WILLIAM E. DOYLE, Circuit Judge.
This cause is before us on writ of habeas corpus which challenges a state court conviction of guilty in a criminal case. It is brought pursuant to 28 U.S.C. § 2254. The embattled incident is an arrest which was made in a service station restroom by New Mexico police. The police had observed the defendant and another person enter the restroom and had followed them into the room by bursting into it where they saw a hypodermic needle which gave the appearance of having been used. There were fresh needle marks on the arm of the petitioner. Following their having made observations, petitioner was arrested and transported to a hospital and was then asked to give a urine sample. He refused, and the allegation is that he was threatened with being catheterized in order to secure the sample. He acknowledged that he submitted to the giving of the sample, but did so as a result of the threat. The result of the testing of the sample was positive. The petitioner was then charged with the unlawful possession of morphine. He was found guilty of unlawful possession of morphine and he sought relief in the U.S. District Court for New Mexico. This was denied, and it is this judgment which he seeks to reverse.
The cause was appealed from the state district court to the New Mexico Supreme Court. The conviction was there affirmed, and after exhausting state remedies the present petition for writ of habeas corpus was instituted. The federal trial court denied the petitioner's request for an evidentiary hearing and dismissed the petition.
The contentions of the petitioner are as follows:
1. That the actual conviction was that of being a narcotics addict in that the morphine that he was convicted of possessing was found solely in his body fluids. The argument is that this conviction is in conflict with Robinson v. California, 370 U.S. 660, 82 S.Ct. 1417, 8 L.Ed.2d 758 (1962).
2. That the search of his body by means of the urine sample was under threat of catheterization, and this constituted a violation of his constitutional rights.
3. That the court below erred in denying his motion for an evidentiary hearing in order to determine the circumstances under which the urine sample was taken.
Defendant contends that there was no evidence of his possession of narcotics other than that which established that he had morphine or heroin in his body. An effort was made by counsel (for the defendant) to have an evidentiary hearing in order to establish that the defendant was an addict at the time. This was denied.
The California statute under which Robinson was convicted provided that "No person shall use, or be under the influence of, or be addicted to the use of narcotics, excepting when administered by or under the direction of a person licensed by the State to prescribe and administer narcotics." The statute also requires the defense to prove that the case comes within the exception.
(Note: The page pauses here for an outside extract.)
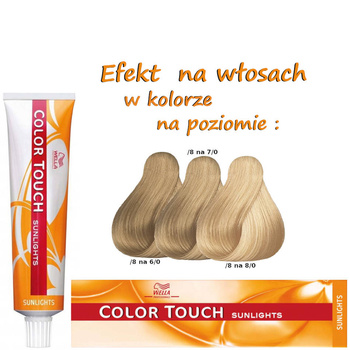 Wella Color Touch Farbe 60 ml /8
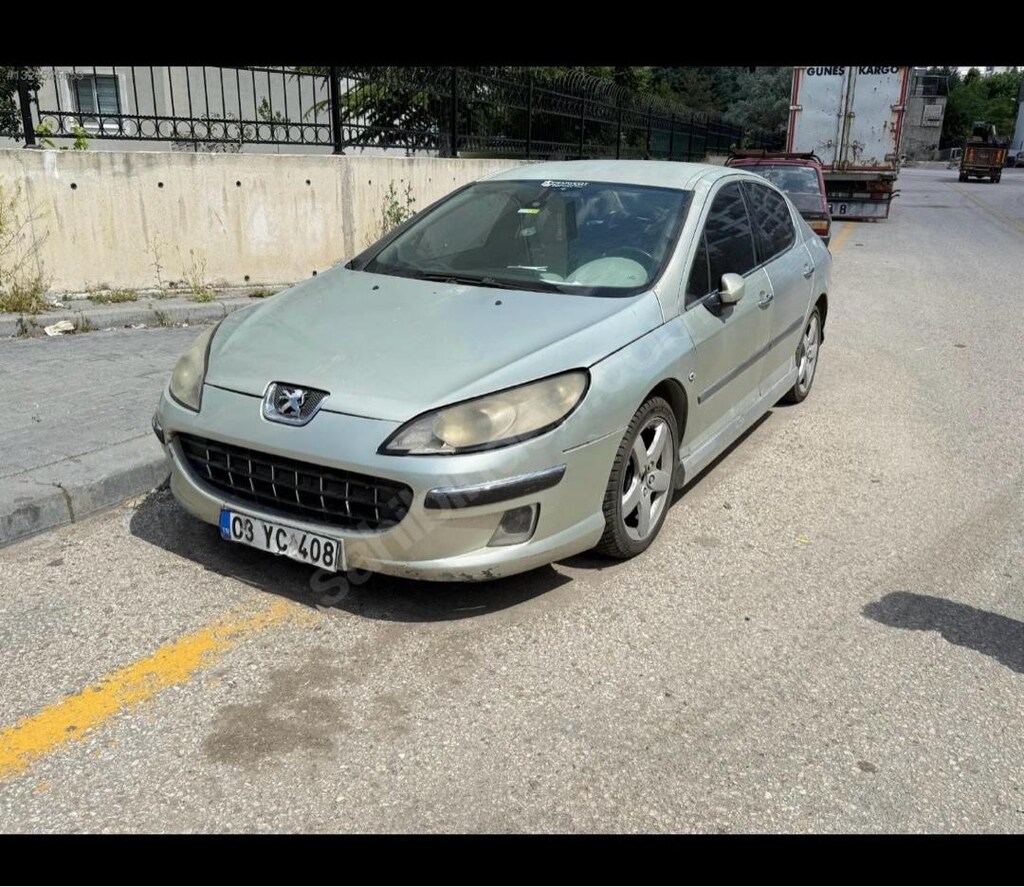 peugeot 407 2.0 hdi otomatik vites - 5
The evidence established in Robinson that the subject showed evidence of being an addict and that he had scar tissue and discoloration on the inside of his right arm. Also, the arm showed numerous needle marks and a scab just above the crook of the elbow. The Supreme Court recognized the breadth of the power of a state to regulate the drug traffic, a power which had been outlined in Whipple v. Martinson, 256 U.S. 41, 41 S.Ct. 425, 65 L.Ed. 819 (1921). The Court concluded:
This statute, therefore, is not one which punishes a person for the use of narcotics, for their purchase, sale or possession, or for antisocial or disorderly behavior resulting from their administration. It is not a law which even purports to provide or require medical treatment. Rather, we deal with a statute which makes the "status" of narcotic addiction a criminal offense, for which the offender may be prosecuted "at any time before he reforms." California has said that a person can be continuously guilty of this offense, whether or not he has ever used or possessed any narcotics within the State, and whether or not he has been guilty of any antisocial behavior there.
370 U.S. at 666, 82 S.Ct. at 1420. The possession of narcotics as a crime was held to be a valid approach and was distinguished. Addiction, on the other hand, was recognized as a disease which could not be the subject of prosecution; that the effort to prosecute violated the Eighth and Fourteenth Amendments.